Let me introduce you to the 2017 National IDX Award winners.
Learnings and Education Award recipient Wayne Denning is a Birra Gubba man from Blackwater, Central Queensland and the owner and managing director of Carbon Media. Wayne conceived the STEM.I.AM program, designed to promote the study of STEM with Aboriginal and Torres Strait Islander children and youth around Australia.
Culture and Country Award recipient Victor Steffenson is based in North Queensland and the creator of the Living Knowledge Place, a community driven education site. Developed in collaboration with Elders from across Australia, the site addresses the need to make traditional and cultural knowledge practices accessible to the next generation by using modern technology.
Head to the centre of Australia where NT, SA and WA intersect and you will meet the women that form the NPY Women’s Council, and recipients of the Wellbeing Award. The women have developed a customisable language dictionary app that enables communication by providing words in Pitjatjantjara and Ngaanyatjarra and English translations to create a shared understanding of the language used to talk about feelings to improve the mental health and wellbeing of their people.
In Darwin, Young Innovator of the Year Brooke Ottley works as a digital designer. A Gunggari, Wuthathi and Torres Strait Islander woman, Brooke is a talented graphic designer who after almost 10 years’ in her field and a study tour in New York, has become Darwin’s most popular Airbnb host, hosting over 380 travellers in her own home.
Keep heading North, off the coast of Arnhem Land, NT and you will reach Galiwinku, Elcho Island and the home of Digital Elder of the Year Ernest Gondarra. Ernest learnt how to use a computer for the first time only in the last few years through the Arnhem Land Progress Association’s (ALPA) Plastic Fantastic program. Plastic Fantastic is an innovative recycling program that allows Elders and young people to learn skills in technology, while sharing the importance of caring for country. Ernest has used his new found skills in design and 3D printing, to create culturally significant objects for the Gatjirrk Cultural Festival.
In Sydney, Luke Briscoe, a proud Kuku-Yalanji man from Far North Queensland is the recipient of the Pathways and Employment Award. Luke founded the Indigenous owned and operated business INDIGI LAB to create innovative projects for social and environmental change through digital culture. Luke’s goal is to establish national Indigenous ethical guidelines in science and digital technology to support a better understanding, value and respect for Indigenous knowledge in these fields.

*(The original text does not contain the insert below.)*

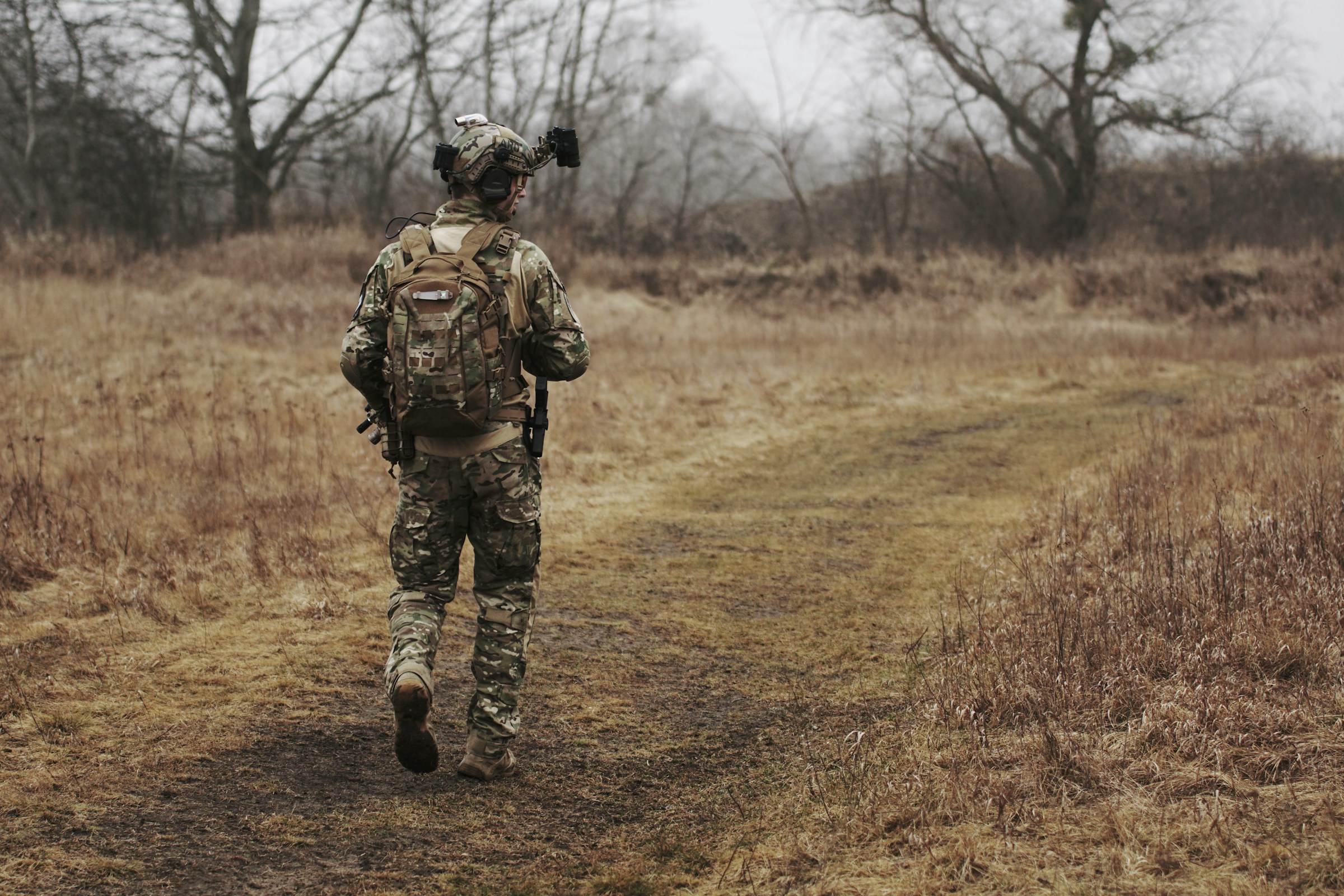 Military personnel Military personnel hiking through forests and woodlands with backpacks or rucksacks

Finally head to Queensland’s capital and meet Dean Foley, this year’s recipient of the Entrepreneurship Award. A young Kamilaroi man from Brisbane, Dean is the founder of Australia’s first Indigenous Start-up Weekend and Bayaramal, Australia’s first Indigenous run accelerator for Indigenous businesses. The start-up event and incubator offer a platform for Indigenous entrepreneurs to showcase their ideas and skills, to learn and develop businesses that benefit them and their community.
The Telstra Foundation has committed $5 million over five years to the national IDX initiative, a partnership with the National Centre of Indigenous Excellence. This initiative supports Indigenous participation in the digital landscape and assists young Indigenous people to build careers in STEM – science, technology, engineering, maths – and arts.